Dr. Adams had not found a psychological cause either, not some small excuse for his personality change. “Manipulative” was how the psychologist had characterized him. Manipulative, completely self-interested, and completely unaware of his own intellectual defects.
Like not realizing he shouldn’t allow a random hacker to dictate his criminal activities.
>
In an effort to answer the question for herself, she’d hacked into Patrick’s life, including his time at university. Since he’d never been that bright and had a great many brothers and male cousins, his matron had allowed him to study whatever he wanted, likely assuming he’d marry into an elite lowborn family.
He’d chosen to study philosophy. Skepticism and Self-interest had been the title of his senior thesis. In it, he’d deduced that nothing actually existed in the world except for the self.

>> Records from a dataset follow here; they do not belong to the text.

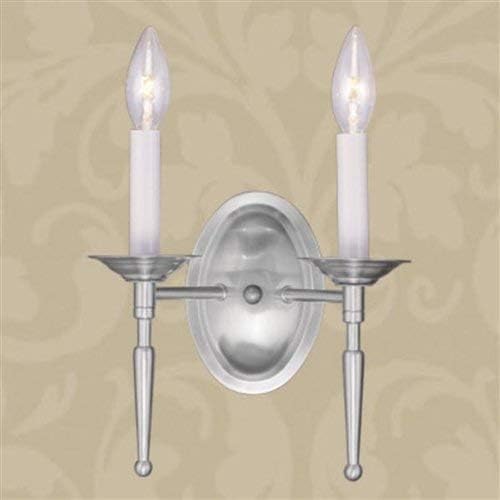 Livex Lighting 5122-91 Williamsburgh 2-Light Wall Sconce, Brushed Nickel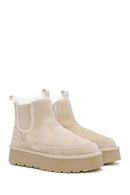 Woman Beige Thick-Soled Teddy Suede Leather Boat | Derimod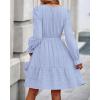 imageBTFBM Mini Dresses for Women 2025 Casual Lightweight Long Sleeve V Neck A Line Elastic Waist Party Holiday DressLight Blue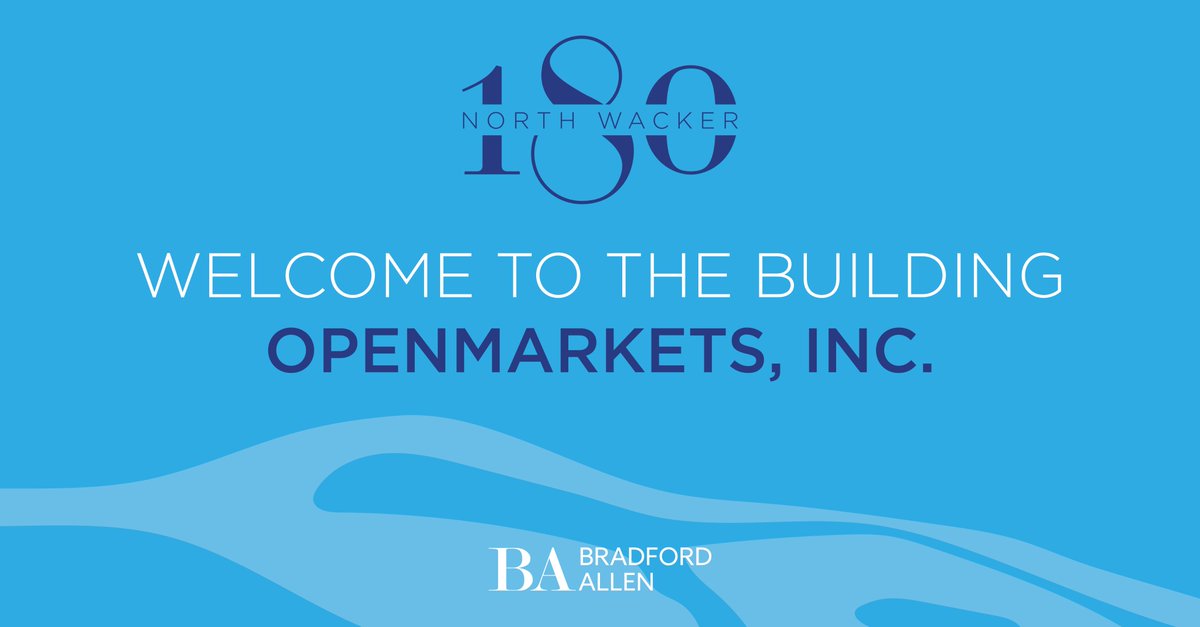 180 N. Wacker is pleased to announce OpenMarkets Inc. has joined the building! Congratulations to Sr. Managing Director Andy DeMoss and Director Alex Gordon of Bradford Allen on the transaction. 

#CRE #CommercialRealEstate #DealAnnouncements
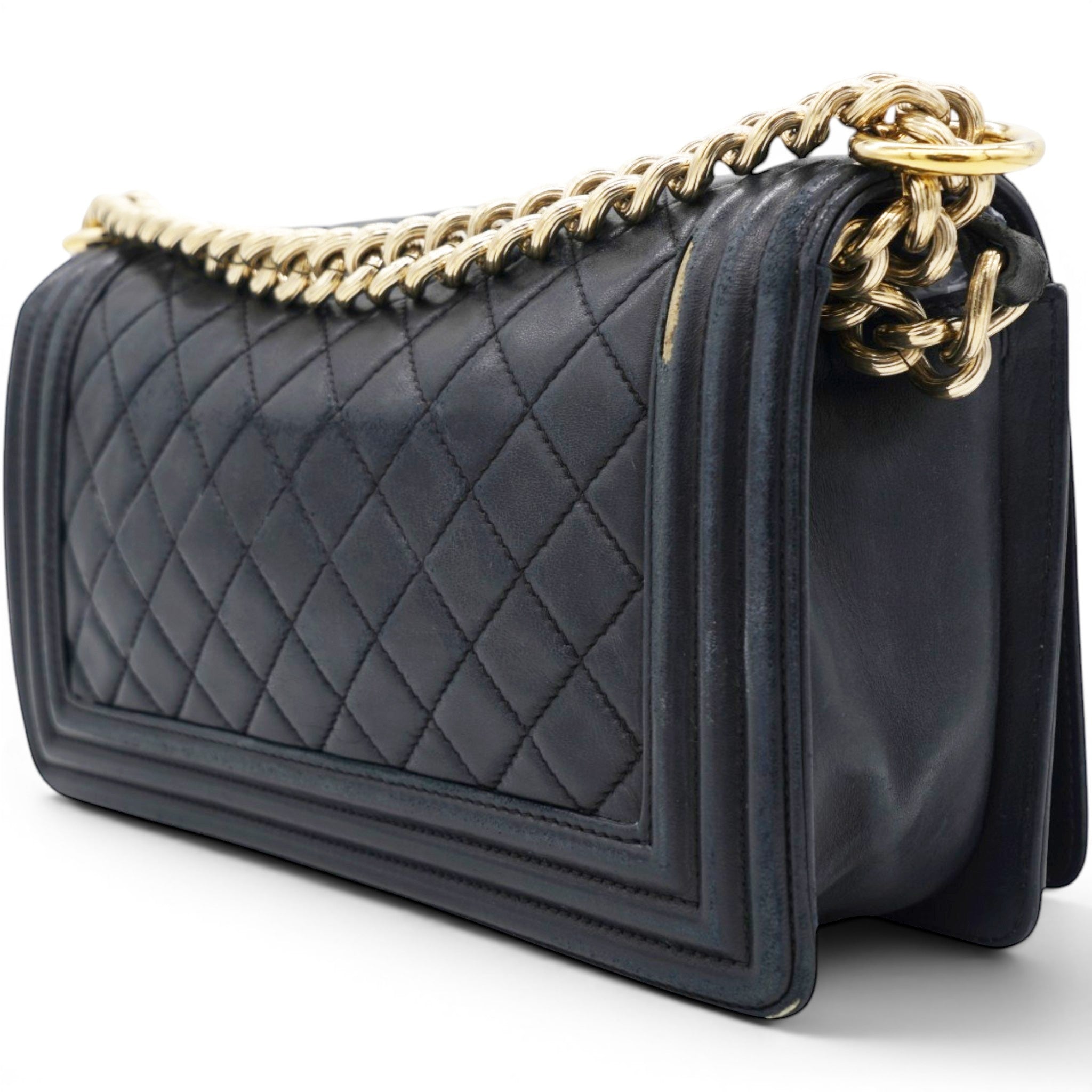 Chanel Lambskin Quilted Medium Boy Flap Black 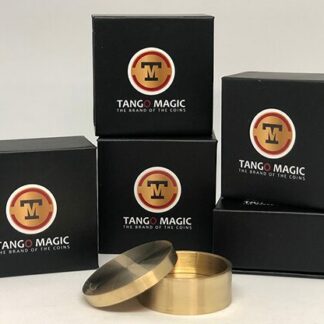 Okito Coin Box (BRASS w/Online Instructions)(B0028) One Dollar by Tango Magic - Trick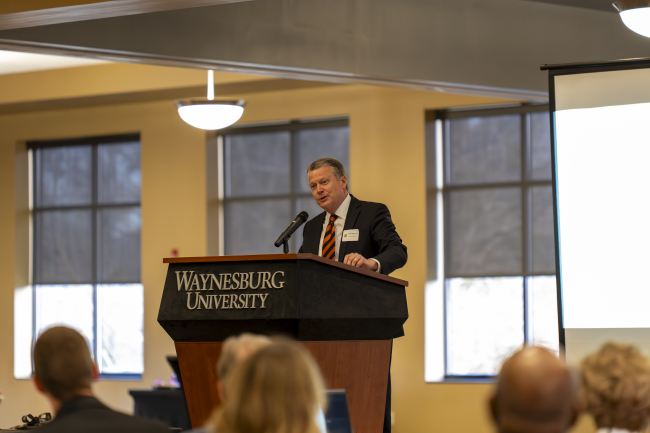 President Lee giving remarks at the event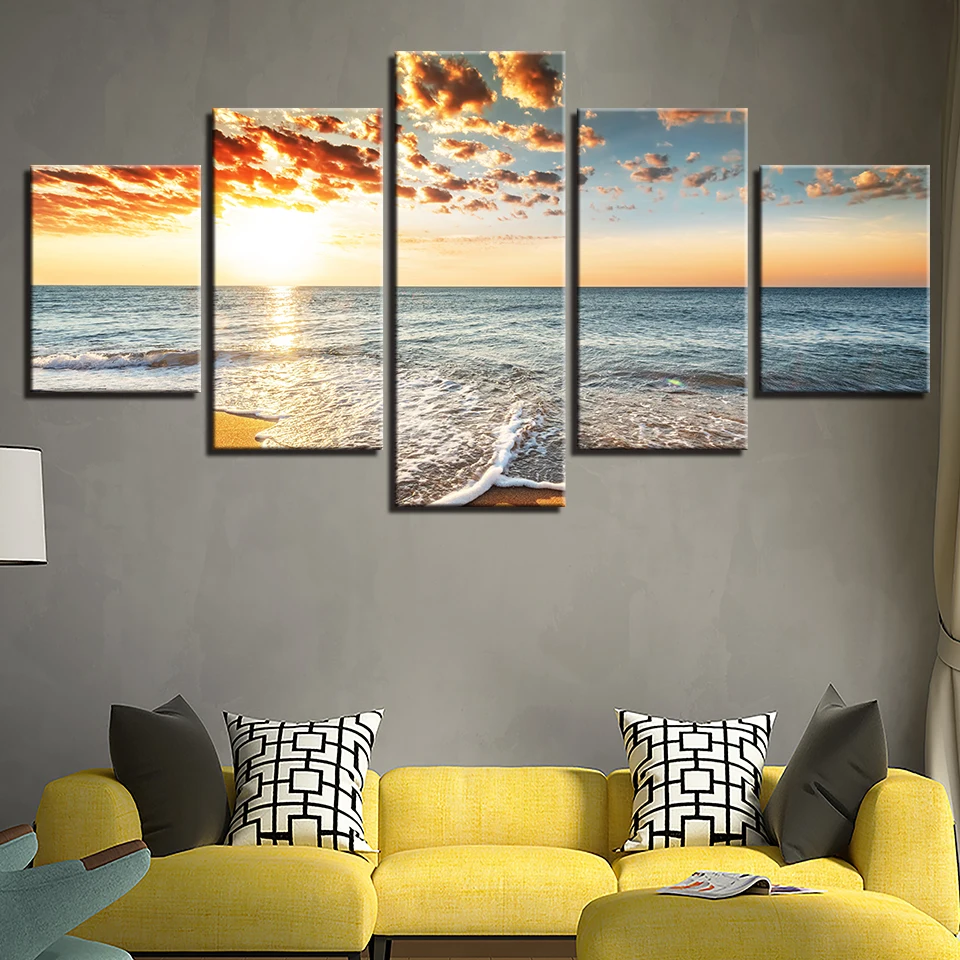 5 pcs diamond painting full square round drill 5 Pcs Sunset Landscape Sea Beach mosaic 3d cross stitch diamond embroidery, FS52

He’d examined common ethical problems through that lens, a lens dirtied by four years of grasping, misused, and misapplied logic, granting himself carte blanche for the worst sorts of selfish behavior.
His instructor had given him a C-minus for his effort, probably because she worried for her safety. One section had mentioned that criminal activity, including murder, was moral if the crime benefitted the self. It was merely in one’s best interests not to get caught. His professor had sent his work to the university’s psychologist, but Patrick had graduated before the woman had received the first page.
Dr. Adams had called it a window into his internal logic. “It explains how he thinks. It doesn’t excuse it,” he’d said. “It doesn’t make him crazy, either. He doesn’t function as if he actually believes that nothing exists in the world but his own mind.”
Lila sent Dr. Booth a message, thanking him for his diligence.
She then turned on her desktop and searched for information on the oracles. As an agnostic highborn from a long line of agnostics, she’d never bothered to learn about them before, not even after her dreams the week before. All she knew was that the oracles’ clairvoyant gene traveled along family lines. Nicknamed “oracles’ disease” by the researcher who’d found it, it had turned out to be a specific type of epilepsy passed from female carrier to female offspring.
Lila believed the scientific facts. She didn’t doubt the women had seizures, but she didn’t believe in their so-called visions. There was the vision paradox for one thing. Though there were fewer oracles in the modern era, the number of visions for each one had gone up.